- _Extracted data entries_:
——————————
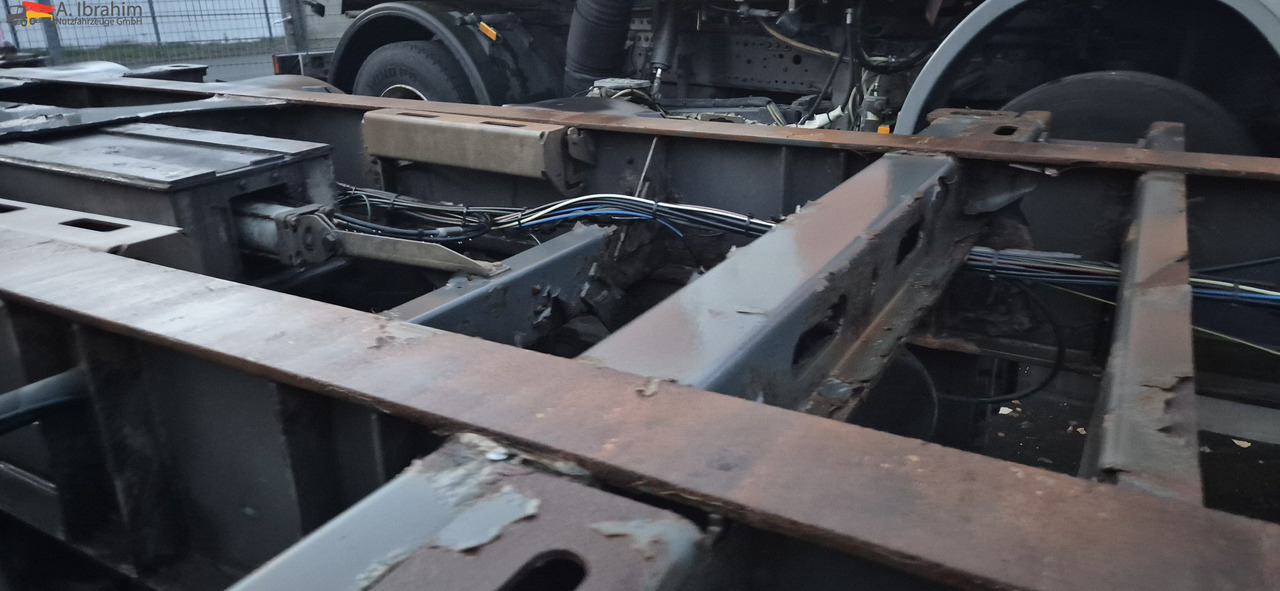 Schmitz SCF24 2x20,30,40,45 ft Multichassis, ausziehbar - Puspiekabe noņemamā virsbūve/ Konteineru vedējs: foto 3 Schmitz SCF24 2x20,30,40,45 ft Multichassis, ausziehbar - Puspiekabe noņemamā virsbūve/ Konteineru vedējs: foto 3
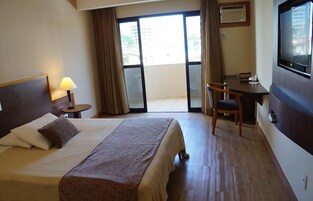 Minibar, caja de seguridad en la habitación y escritorio 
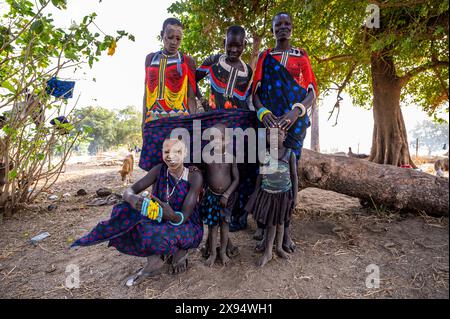 Jolies filles Mundari en robes traditionnelles posant avec leurs enfants, tribu Mundari, Soudan du Sud, Afrique Banque D'Images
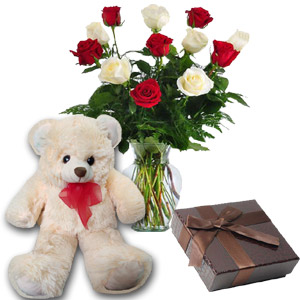 (20) 1 dz mix Roses in vase W/Chocolate and Bear 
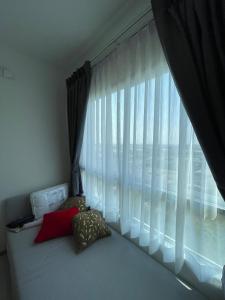 Ένα ή περισσότερα κρεβάτια σε δωμάτιο στο 2 bed condo next to BTS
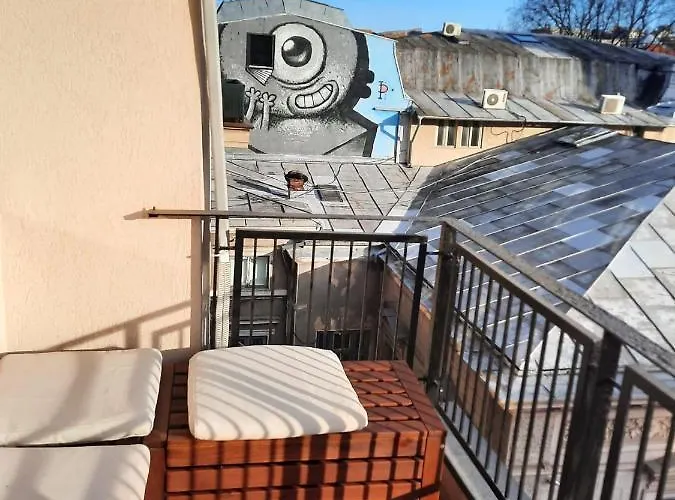 Luxury Center - Garofita Romana *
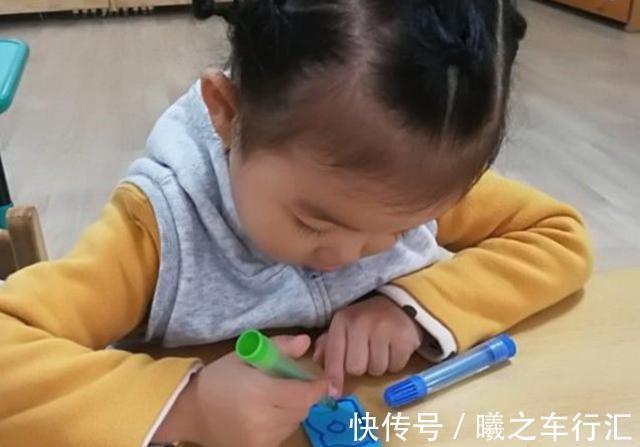 心理健康|5岁女儿“画蛇”获奖,宝妈还沉浸在喜悦中,闺蜜:赶紧去报警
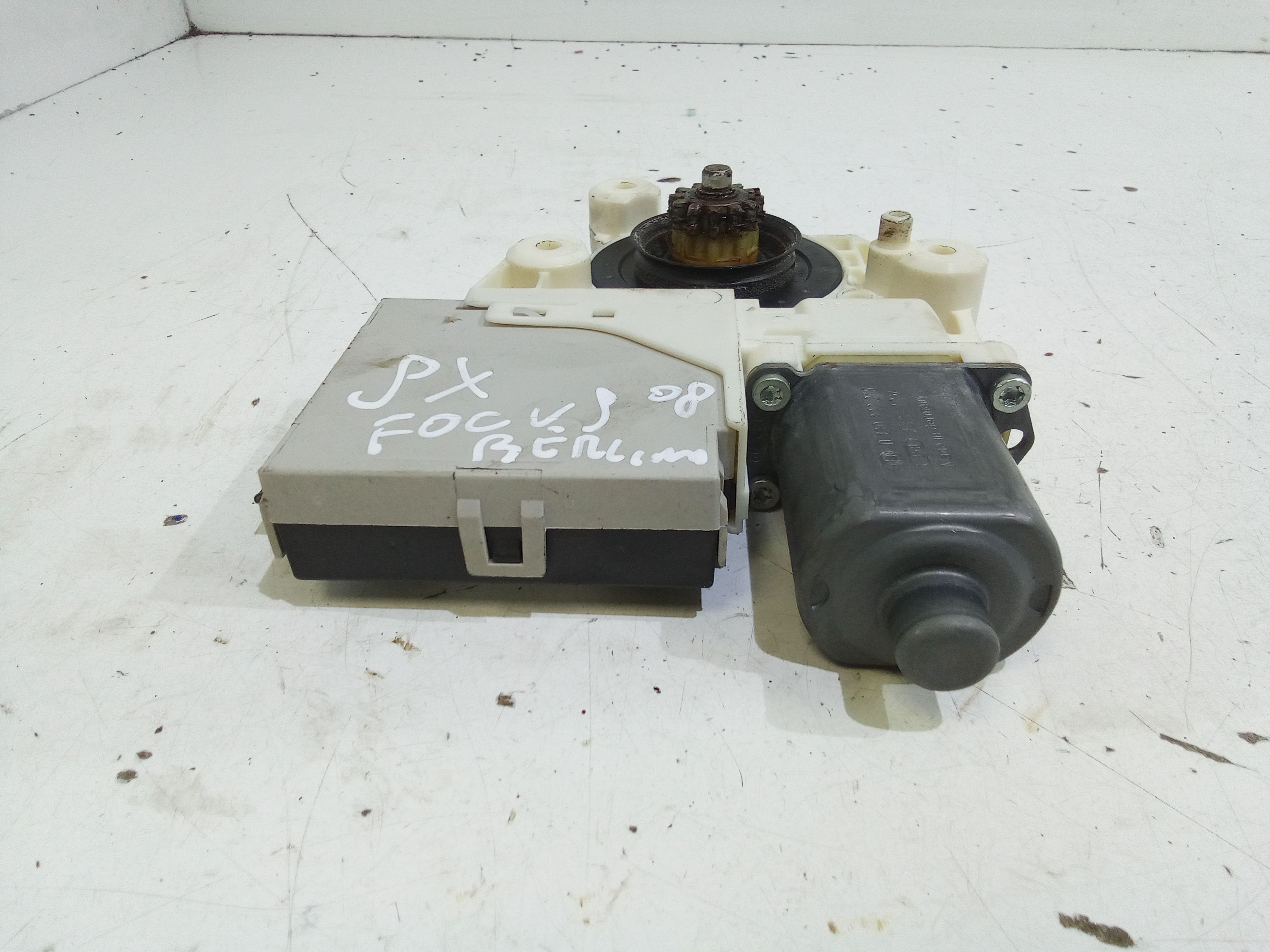 Motorino Alzavetro anteriore destra FORD Focus Berlina 3 Serie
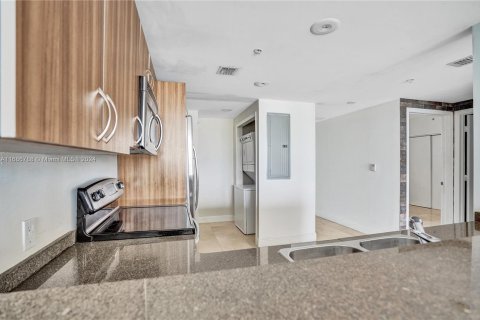 Condo in Miami Beach, Florida, 2 bedrooms  № 1431253 - photo 12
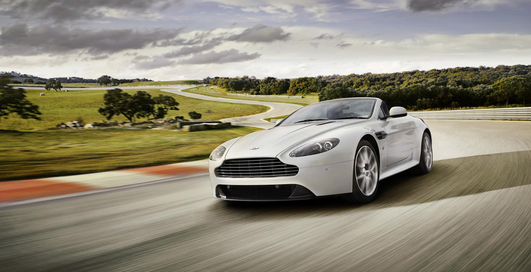 Aston Martin V8 Vantage  S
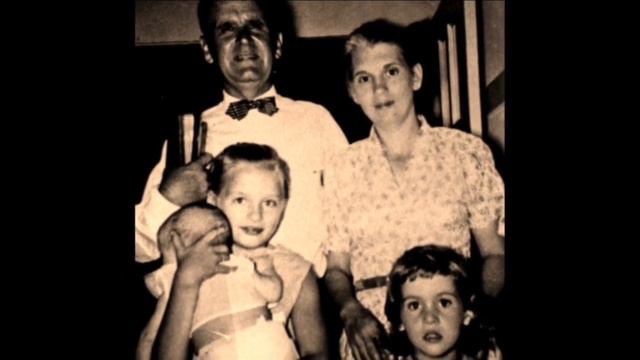 Sr Méda Branham témoigne - La même Bande au Même Moment смотреть онлайн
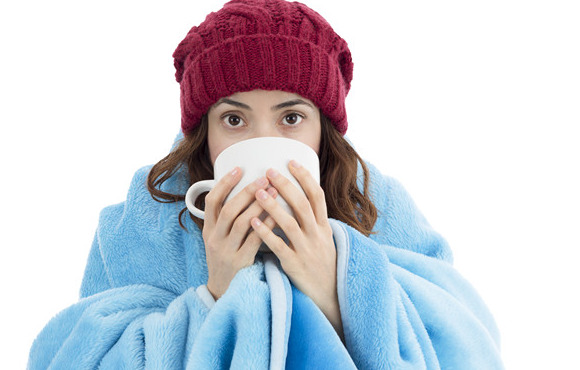 女孩子手脚冰凉是什么原因,手脚冰凉的女孩子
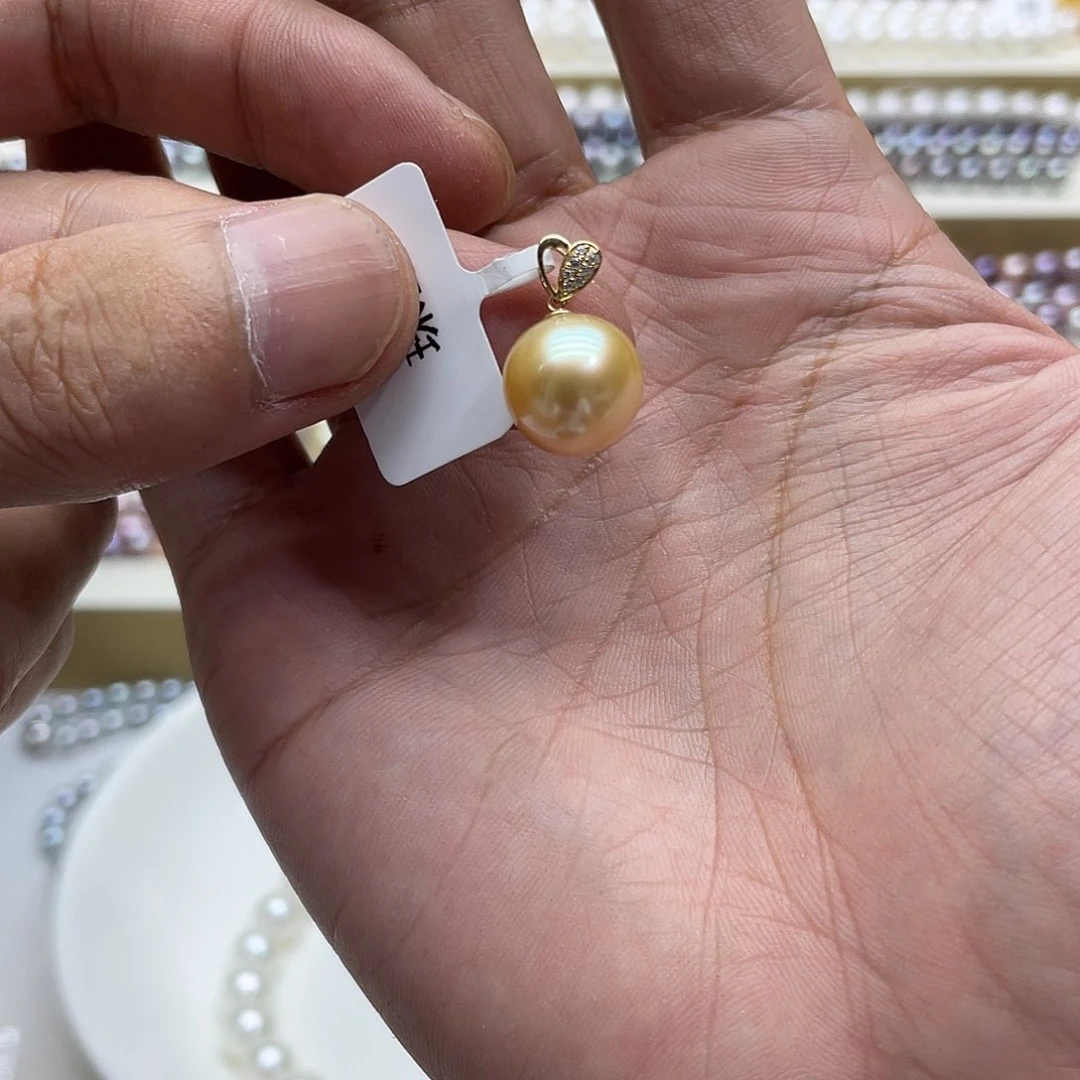 海水珍珠18K金镶嵌颈饰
——————————
- _WORK REQUIRED_: The answer must consist of the line containing "Ένα ή περισσότερα" and every line after it through the end of the records, retyped exactly, with all pictures left out.

- _RESULT_:
 Ένα ή περισσότερα κρεβάτια σε δωμάτιο στο 2 bed condo next to BTS
 Luxury Center - Garofita Romana *
 心理健康|5岁女儿“画蛇”获奖,宝妈还沉浸在喜悦中,闺蜜:赶紧去报警
 Motorino Alzavetro anteriore destra FORD Focus Berlina 3 Serie
 Condo in Miami Beach, Florida, 2 bedrooms  № 1431253 - photo 12
 Aston Martin V8 Vantage  S
 Sr Méda Branham témoigne - La même Bande au Même Moment смотреть онлайн
 女孩子手脚冰凉是什么原因,手脚冰凉的女孩子
 海水珍珠18K金镶嵌颈饰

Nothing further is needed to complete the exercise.